Many people are sometimes confused and even misinformed on what the terms Conventional, Conforming, and Non-Conforming really mean.  It is important that you understand the difference.

 

What it's all about

 

    • Conforming Mortgage

      A conforming mortgage is a loan that meets strict standards concerning loan amount, down payment, income, credit history and property condition.  The benefit of qualifying for a conforming loan is that the interest rate is lower.  However, currently the FHA interest rate is lower then a Conforming Mortgage.

    • Non-Conforming Mortgage

      Non-Conforming Mortgage are those that do not fit into these strict standards and of course they have slightly higher if not much higher interest rates and down payment requirements.

      What you need to qualify

    • Owner occupancy

      This must be the buyers primary residence.

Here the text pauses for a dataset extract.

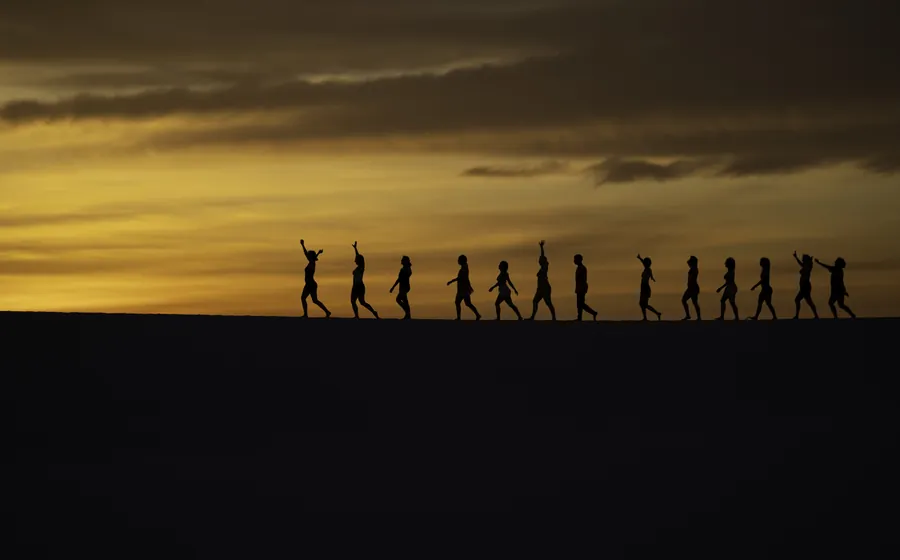 Grupo caminhando em fila pelas dunas dos Lençóis Maranhenses ao entardecer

    • Loan types available

      Fixed rate 30 year, fixed rate 15 year.

    • Income

      Must be able to document enough income that your debt to income ratios do not exceed 28% (front end) / 36% (back end).

      Mortgage debt to income ratios are the calculations underwriters use to determine whether a borrower can qualify for a mortgage.

      There are two calculations.  The first or (front end) ratio is your housing expense-to income.  This is to say your proposed mortgage payment (principle, interest, taxes and insurance) divided by your gross monthly income.  This can not exceed 28 % of your gross monthly income.

      The second or (back end) ratio is your total monthly obligations including your new mortgage payment (principal, interest, taxes and insurance) divided by your gross monthly income.  This can not exceed 36% of your gross monthly income.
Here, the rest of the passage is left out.